No one even remotely informed about football was surprised by the choice of Saudi Arabia as host of the 2036 World Cup.
The president of FIFA, the Swiss-Italian Gianni Infantino, learned from the scandal that threw so many hats into the dustbin of history, starting with his predecessor Joseph Blatter, as well as João Havelange, Ricardo Teixeira, José Maria Marin, Marco Polo Del Nero, to mention just the Brazilian quartet and spare the rare reader a dozen names of former presidents of Conmebol and national federations on the American continent, as well as executives from major television networks and executives from sports marketing companies, some already dead.
The choice of Qatar, even before FIFAgate, allowed Infantino to live a nabobesque life, like a true sheikh, a guest with his entire family in Doha, more than a year before the World Cup started.

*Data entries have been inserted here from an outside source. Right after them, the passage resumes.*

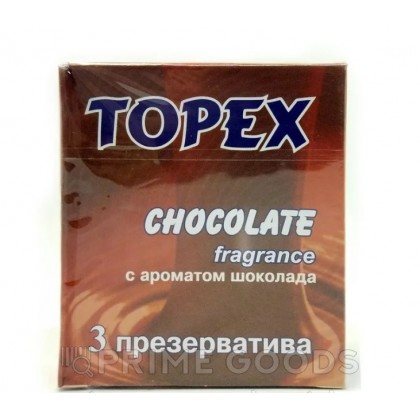 Презервативы Topex, шоколад, 3 шт от sex shop primegoods
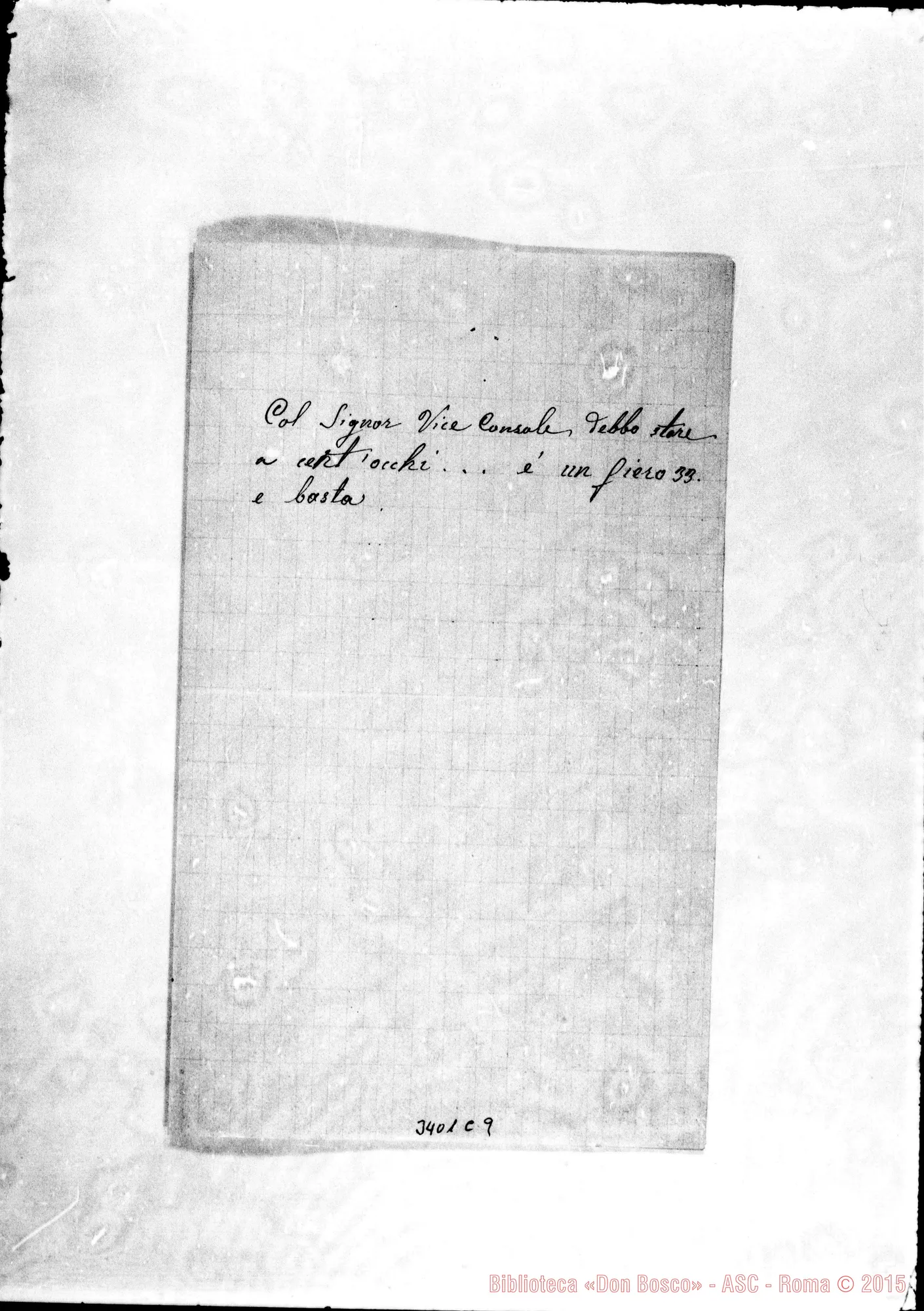 Fotogramma C 9 — Don Giuseppe Oddone-Don Durando. Briga, 10-12-1901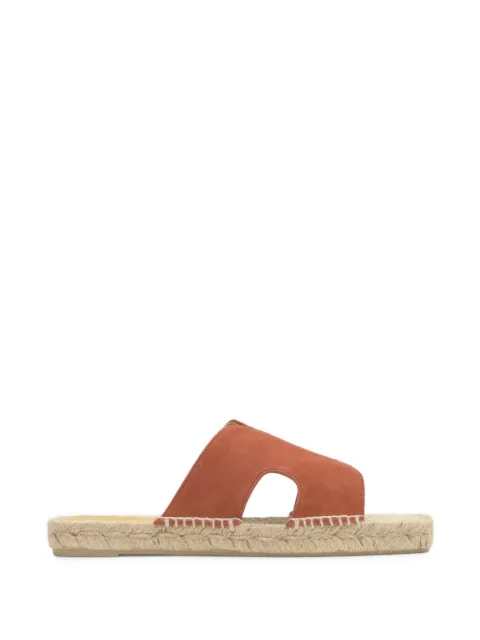Castañer Priya suede espadrilles Orange 026090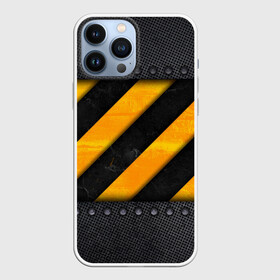 Чехол для iPhone 13 Pro Max с принтом Металлическая преграда в городе Новоалтайск,  |  | Тематика изображения на принте: background | barrier | metal | texture | wall | металл | преграда | стена | текстура | фон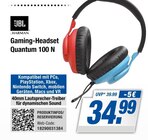 Gaming-Headset Quantum 100 N im Angebot bei expert in Buxtehude Gaming-Headset Quantum 100 N Angebote von JBL bei expert Buxtehude für 34,99 €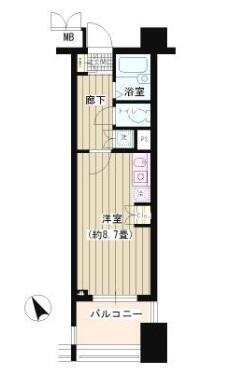 パークホームズ文京千石ステーションアリーナ 706号室 間取り図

Returning to the Middle East became the top hat’s dream, in addition to being married to a Lebanese woman.
But how, if North America claimed to win the World Cup, if South America always puts pressure on and Africa wanted to repeat the 2010 experience?
There were many candidates in line before the oil owners could return to the spotlight.
Then, the light dawned on Infantino’s brilliant head and he proved to be a formidable track clearer.
One World Cup, the next one, in 2026, in Canada, Mexico and the United States and a rabbit is killed with one stone in three countries.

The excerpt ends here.